>>>
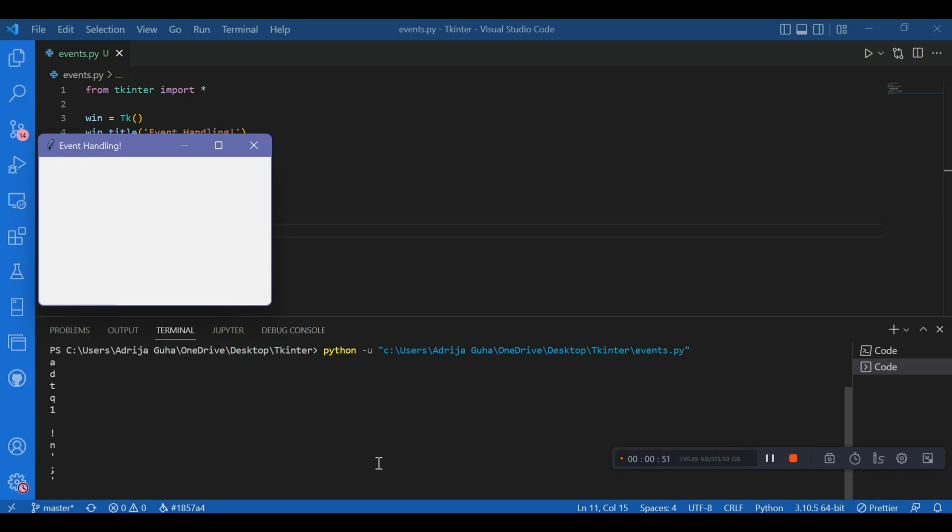I just wanted to show you how interactive Tkinter can be. And we'll see a related example in the next video. Thank you.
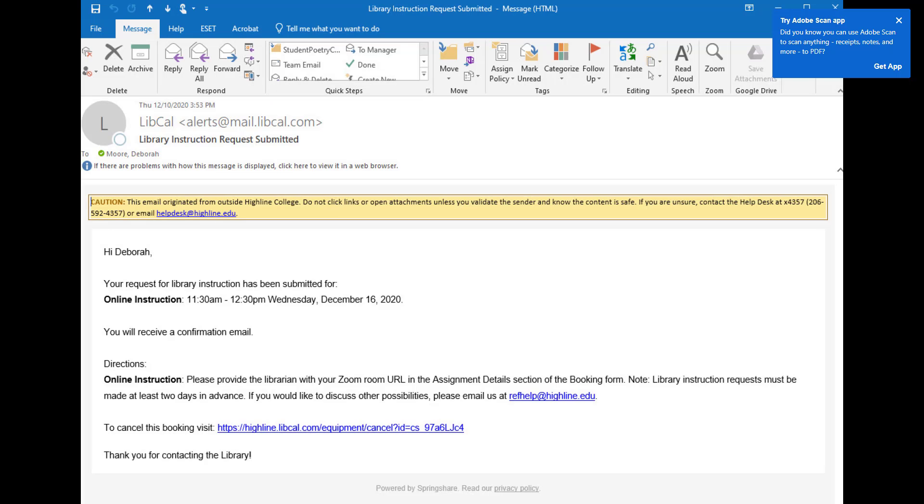If you later want to cancel a session, you can do that using the link in the automated emails you receive. If you cannot locate a copy of the emails, contact the Highline College librarians with specific details about the sessions you want to cancel.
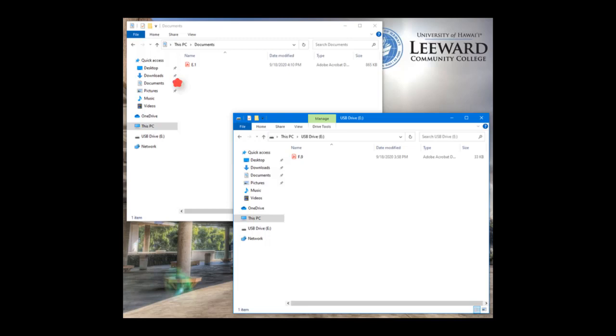Then, it's a matter of just copying or dragging the files that you scanned from the computer's hard drive Documents folder and dropping it onto your USB thumb drive.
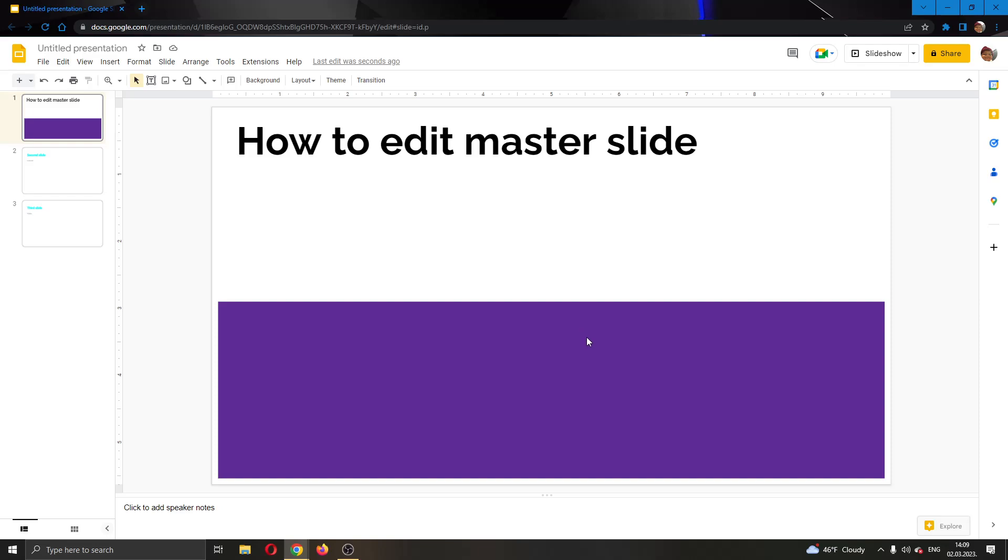Hey everybody, what's up and welcome back to today's video. Today I will be showing you how to edit the master slide in Google Slides.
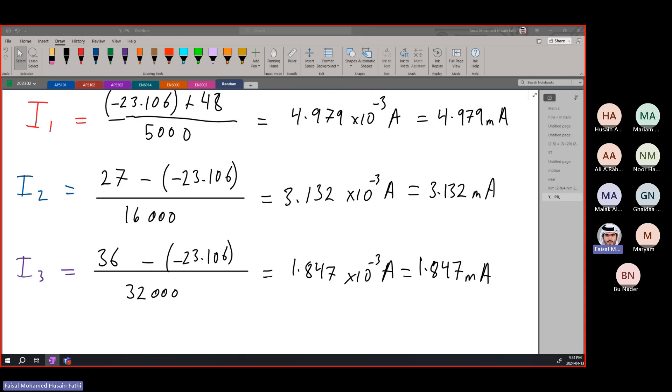I hope this was clear. This is basically how you will be doing nodal analysis most of the time.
<<<
**Directions**.
Write out, exactly and with nothing added, every line from the one that holds "Then, it's a" to the end of the entries above; pictures stay out.

**Reply**.
Then, it's a matter of just copying or dragging the files that you scanned from the computer's hard drive Documents folder and dropping it onto your USB thumb drive.
Hey everybody, what's up and welcome back to today's video. Today I will be showing you how to edit the master slide in Google Slides.
I hope this was clear. This is basically how you will be doing nodal analysis most of the time.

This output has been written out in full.